Es sei ihr wichtig, ihrem Mann noch einmal zu sagen, dass er die Liebe ihres Lebens ist. Außerdem wolle sie in die Kirche aufgenommen werden.“ In welcher Reihenfolge machen wir das denn“, fragt sie und lacht. „Sowas kommt bestimmt nicht oft vor, oder? Naja, passt irgendwie zu mir: Erst Taufe von wegen Aufnahme in die Kirche und dann Trauung beides innerhalb einer Stunde. Spontan kann ich ganz gut“; Dabei wirft sie einen verliebten Blick zu ihrem Mann.

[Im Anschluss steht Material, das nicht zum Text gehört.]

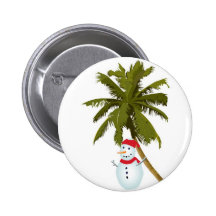 Merry Florida Christmas Pins
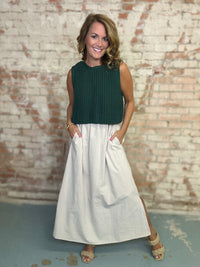 Caroline Mixed Media Dress
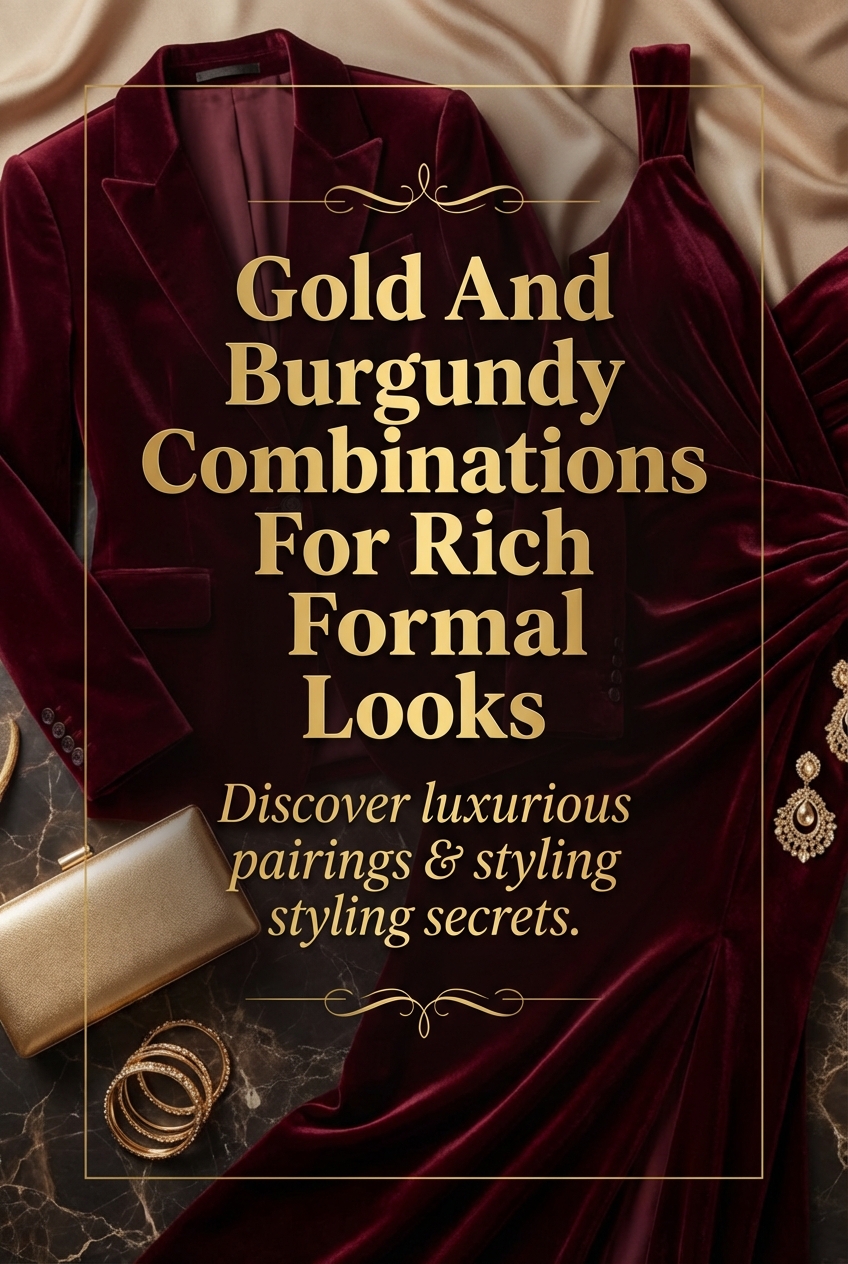 Gold And Burgundy Combinations For Rich Formal Looks - photo 2
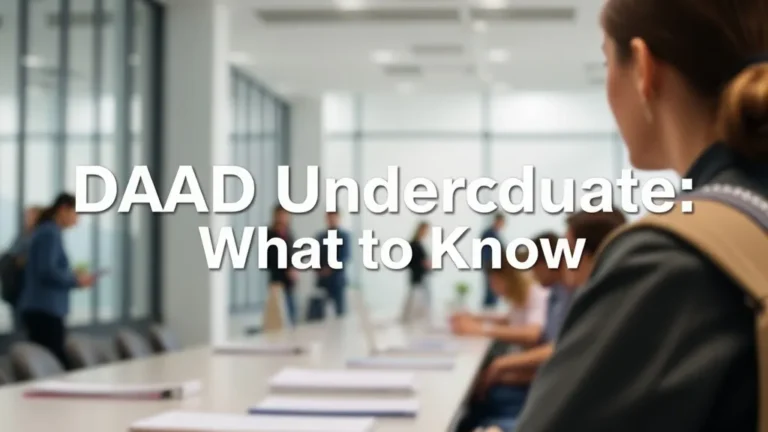 DAAD Undergraduate: What to Know - Professional Swiss-style featured image | Truescho.com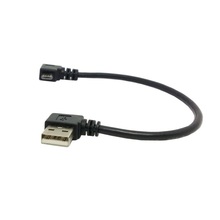 Cable Micro USB 2,0 para teléfono móvil y tableta, ángulo izquierdo de 90 grados, macho a izquierdo o derecho, 5 pines, 20cm 2024 - compra barato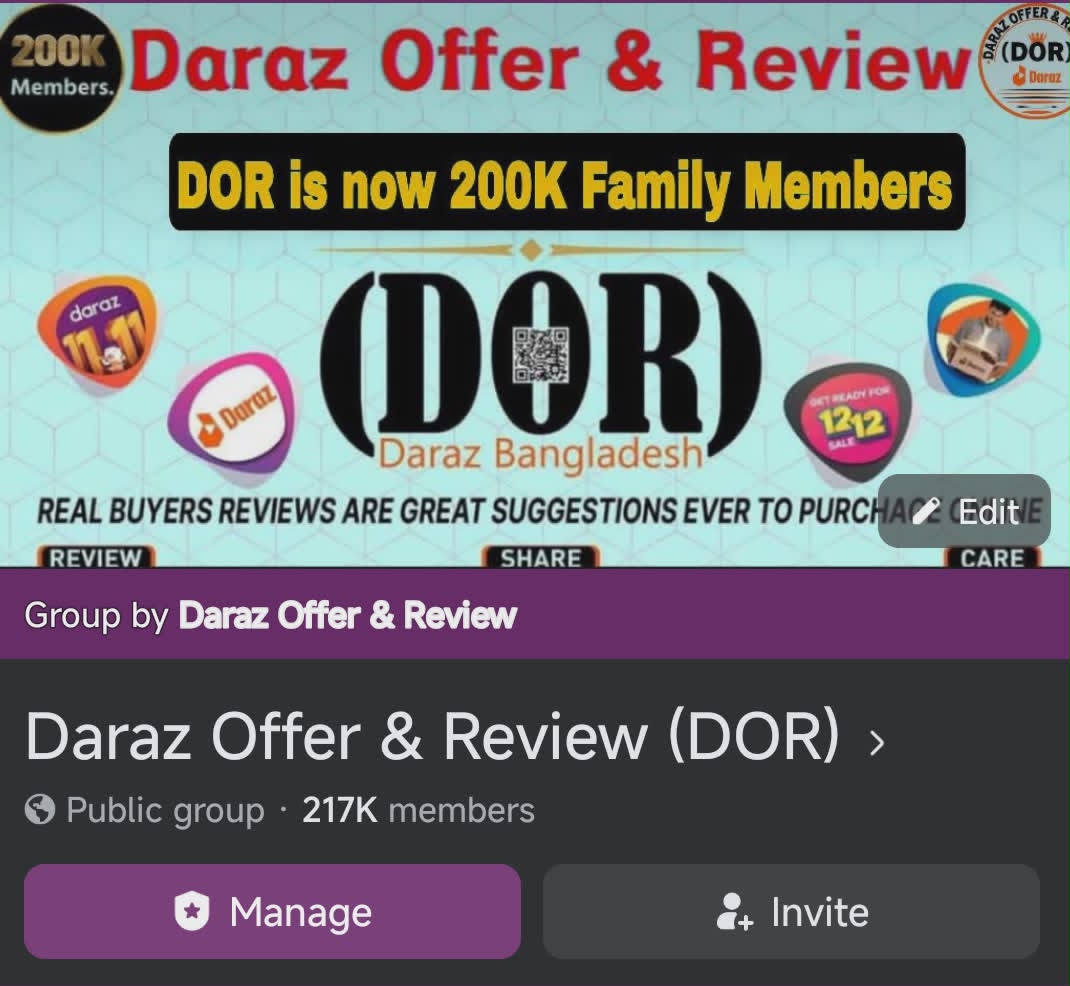 DOR Facebook group preview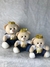 Trio Urso Príncipe Azul Marinho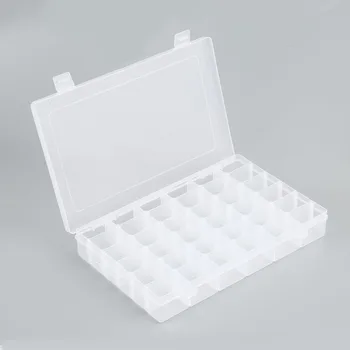 36 Vrednost PP Škatla za Shranjevanje Elektronske Komponente Skladiščenje Izbor Polje Večfunkcijsko Škatla za Shranjevanje za Nakit Diamantni Vezenje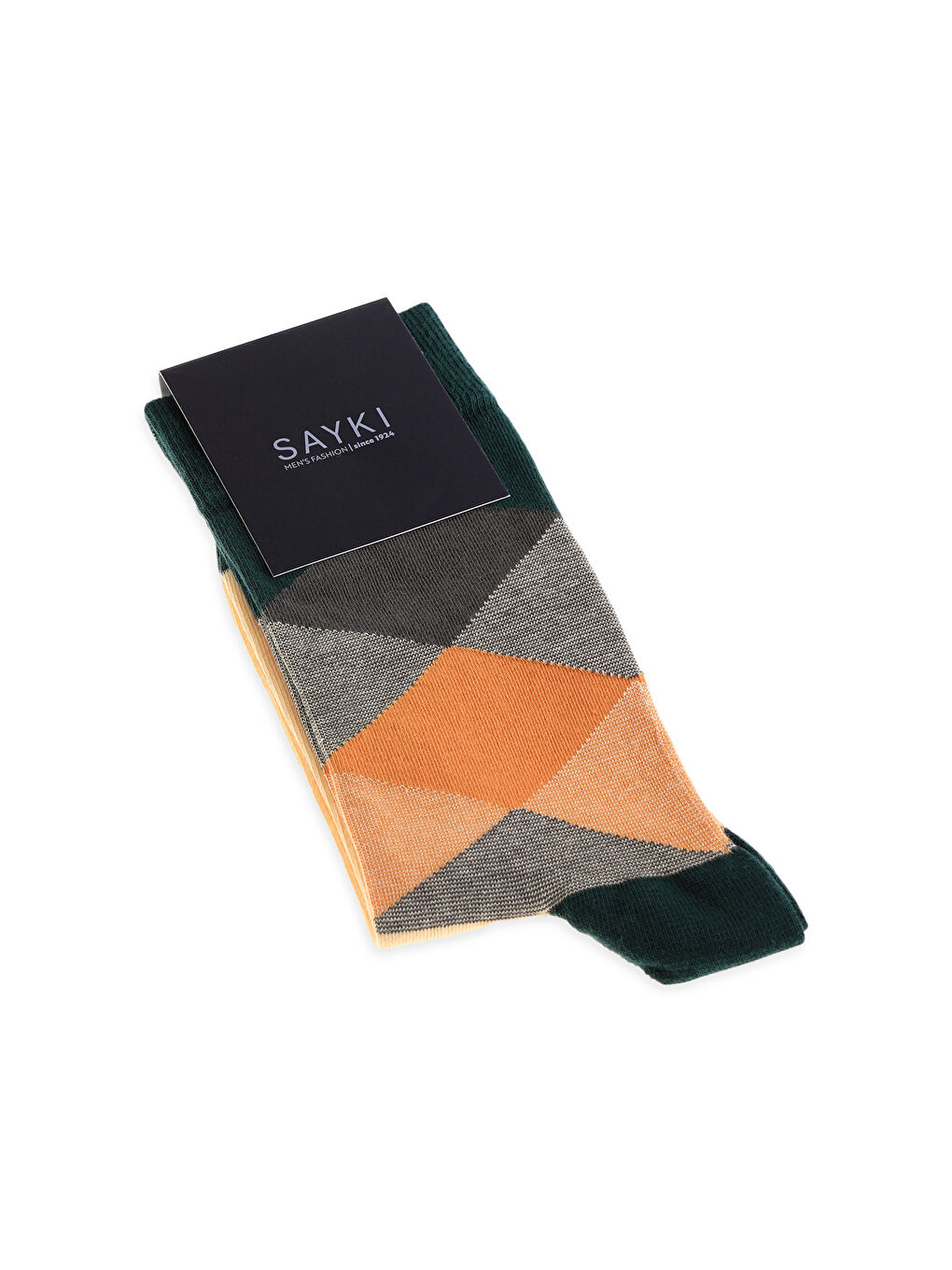 Sarı Desenli Pamuk Çorap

Die Zahl der Hochzeitsgäste war überschaubar, alle hatten Platz an der großen Tafel. Die Speisekarte versprach ein üppiges Menü. Nur wenige wussten, dass diese Hochzeit das letzte große Familienfest mit ihr sein würde. Am Nachmittag hatte das Brautpaar noch in der Kirche gesessen, dabei waren die beiden schon seit 40 Jahren ein Paar. Doch kirchlich heiraten wollten sie damals nicht. „Ich hatte damals einfach kein Bedürfnis danach“, sagt sie. „Ich war nicht in der Kirche und hätte das auch komisch gefunden, auf einmal zu sagen, das gehört noch dazu.“ –
Zwei Monate später sitzt sie mir im Krankenbett gegenüber. „Ich bin auch ganz überrascht“, sagt sie, „dass ich noch da bin, da haben sich die Ärzte wohl etwas verschätzt. Angst vor dem Tod habe ich nicht; ich find`s nur blöd zu wissen, dass die Wand dieses Zimmers hier das Letzte ist, was ich sehen werde. Das mit den Schmerzen, wird die Medizin schon hinkriegen, da bin ich mir ziemlich sicher. Und den Rest erledigen Sie mit der Gitarre, wie bei meiner Taufe.“
Einige Wochen später als die Gitarre im verdunkelten Zimmer erklingt, huscht ein Lächeln über ihr Gesicht. Ich spiele ein Lied aus dem Tauf- und Hochzeitsgottesdienst: „Gottes Wort ist wie Licht in der Nacht, es hat Hoffnung und Zukunft gebracht. Es gibt Trost, es gibt Halt in Bedrängnis, Not und Ängsten, ist wie ein Stern in der Dunkelheit.“
Das Sprechen fällt ihr schwer. Es ist auch fast alles gesagt. Dann doch noch der eine Satz: „Loslassen“, sagt sie. „Das ging alleine nicht. Aber mit ihm da oben schon.“
Dieser Beitrag war am 25.2.2018 in WDR 2 zu hören.